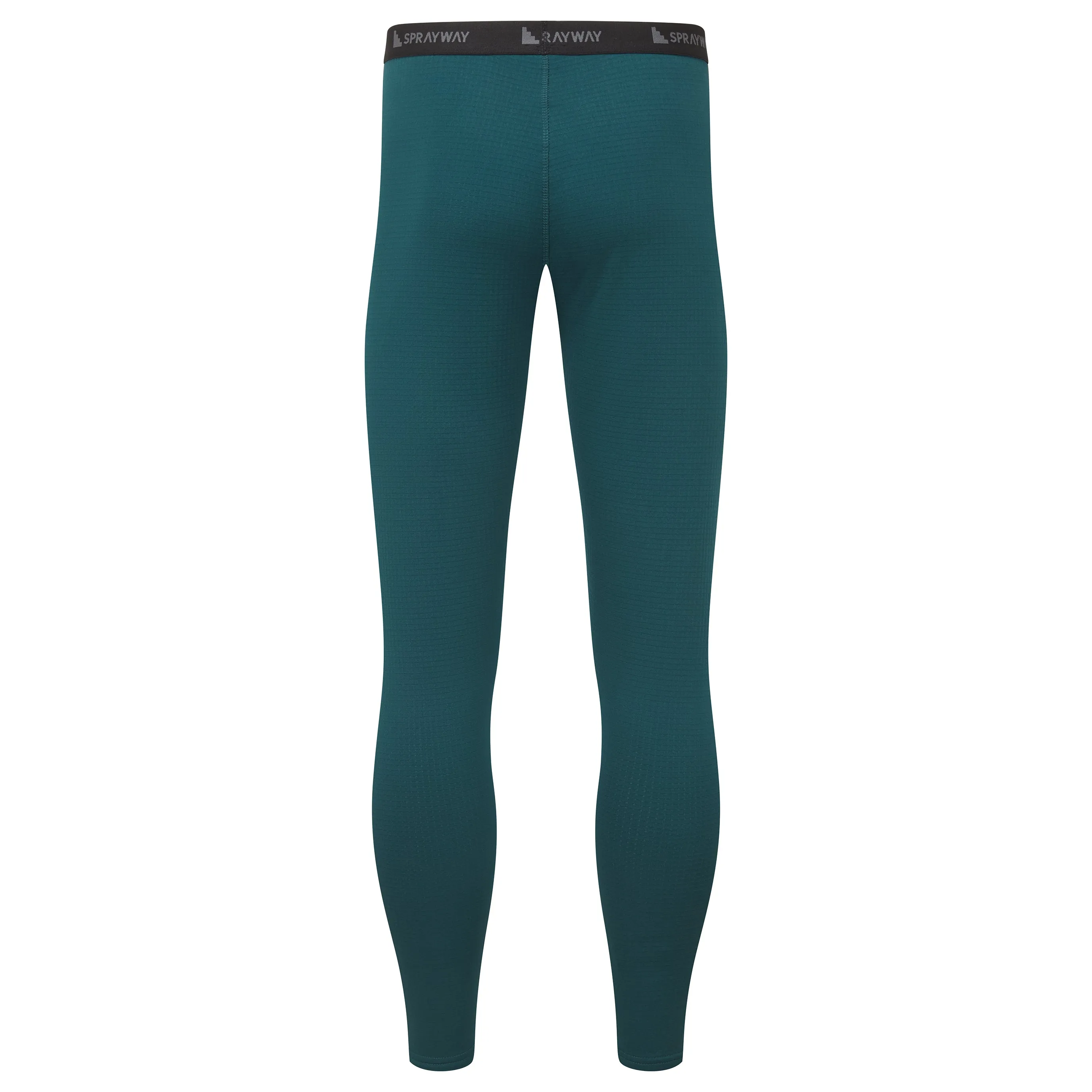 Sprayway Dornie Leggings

---

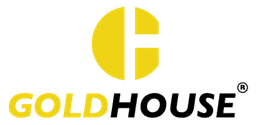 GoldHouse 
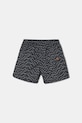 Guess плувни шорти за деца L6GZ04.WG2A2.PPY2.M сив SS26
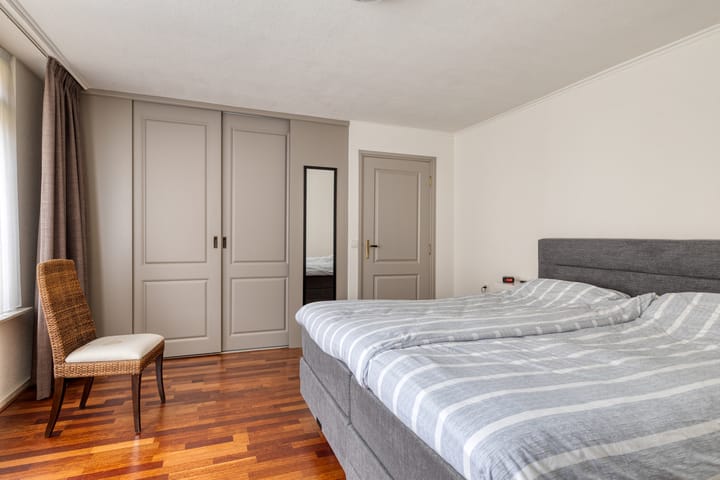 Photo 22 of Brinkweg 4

* * *

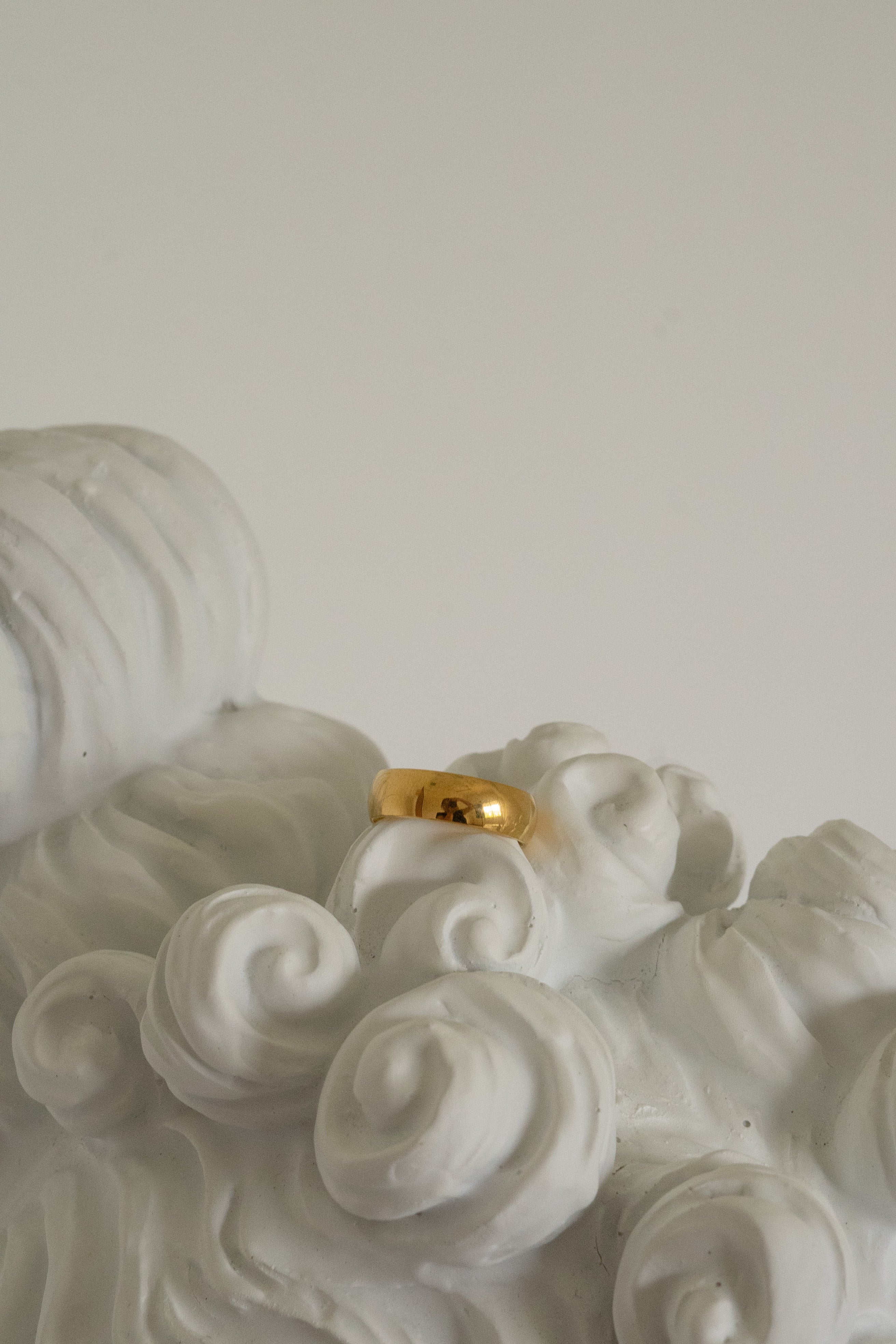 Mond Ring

=== WORK TO COMPLETE ===
When you reach the line holding "Guess плувни шорти" in the listing above, begin retyping exactly, and stop once the line holding "Photo 22 of Brinkweg 4" is done; pictures stay out.

=== RESULT OF THIS EXERCISE ===
 Guess плувни шорти за деца L6GZ04.WG2A2.PPY2.M сив SS26
 Photo 22 of Brinkweg 4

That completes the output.